Valentine Avoh is a Belgian fashion designer of Ivorian descent. She is a wedding dress designer, writer, journalist and photographer. She started her own label in 2015 after working for fashion designers Alexander McQueen, Samantha Shaw, Alexis Mabille, Sam Andrès Milano, Spanish wedding dress label Pronovias and designer Marc Philippe Coudeyre. Following the social movement Black Lives Matter in the United States, Valentine Avoh has been published in The Coveteur and The New York Times as a young and talented European Black female bridal designer and on Brides (magazine) as one of the "20 Black Wedding Dress Designers to Know" in 2021.

==Career==
She had her first working experience at Alexander McQueen as an intern at the design studio for two seasons until her final collaboration for the collection Spring-Summer 2010, which was the last collection done by McQueen during his life.
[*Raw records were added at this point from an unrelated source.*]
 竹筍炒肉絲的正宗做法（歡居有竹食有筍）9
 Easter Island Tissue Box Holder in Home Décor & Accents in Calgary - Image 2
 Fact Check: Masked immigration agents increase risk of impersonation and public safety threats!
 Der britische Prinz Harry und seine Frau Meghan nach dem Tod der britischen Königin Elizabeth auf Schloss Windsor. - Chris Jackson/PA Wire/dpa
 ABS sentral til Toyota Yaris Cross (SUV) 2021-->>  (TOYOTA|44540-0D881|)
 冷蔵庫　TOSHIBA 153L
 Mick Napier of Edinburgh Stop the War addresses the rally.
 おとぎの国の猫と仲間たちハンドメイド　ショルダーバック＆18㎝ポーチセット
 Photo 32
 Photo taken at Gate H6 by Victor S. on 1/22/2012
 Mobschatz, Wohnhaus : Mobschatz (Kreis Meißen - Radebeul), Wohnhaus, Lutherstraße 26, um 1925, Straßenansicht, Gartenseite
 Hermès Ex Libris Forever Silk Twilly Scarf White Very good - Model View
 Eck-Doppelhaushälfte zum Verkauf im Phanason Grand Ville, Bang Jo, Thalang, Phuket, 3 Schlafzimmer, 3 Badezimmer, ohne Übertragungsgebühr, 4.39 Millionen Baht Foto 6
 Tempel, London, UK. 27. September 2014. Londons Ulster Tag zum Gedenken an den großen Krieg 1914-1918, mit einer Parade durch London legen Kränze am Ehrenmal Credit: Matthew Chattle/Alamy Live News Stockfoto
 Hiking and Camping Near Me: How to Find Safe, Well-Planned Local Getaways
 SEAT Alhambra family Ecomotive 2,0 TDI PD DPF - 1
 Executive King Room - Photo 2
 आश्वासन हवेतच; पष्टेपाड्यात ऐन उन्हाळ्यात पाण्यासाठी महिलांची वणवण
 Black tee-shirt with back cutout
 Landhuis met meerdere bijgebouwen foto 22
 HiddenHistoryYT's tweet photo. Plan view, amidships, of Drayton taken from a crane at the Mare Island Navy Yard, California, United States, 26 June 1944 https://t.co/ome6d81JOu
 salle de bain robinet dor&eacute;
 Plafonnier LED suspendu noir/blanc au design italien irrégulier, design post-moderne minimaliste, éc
At Alexander MQueen, Avoh discovered the importance of taking time: “I learned the importance of time, to design beautiful things you need to slow down”. This six months internship was decisive in her career: “Working at McQueen was really life-changing for me, as I was fascinated by his creative process and the patience put into each of his pieces, but more importantly, how he worked each fabric and transformed it to make it its own. As having my own business was something I’ve always wanted since childhood, the idea kept flourishing in my head until 2015, when I finally decided to launch the brand and opened my atelier in Brussels.” (The Coveteur, 2020)

In 2007, Valentine Avoh worked as a junior fashion designer for London-based wedding dress designer Samantha Shaw. Then, moving to Paris, she worked for the Haute-Couture designer Alexis Mabille in 2009. The same year Valentine started designing her first wedding dress for a friend using ostrich feathers and developed more and more interest in this field. For a few years, she kept on working for design labels while designing and sewing wedding dresses for private clients.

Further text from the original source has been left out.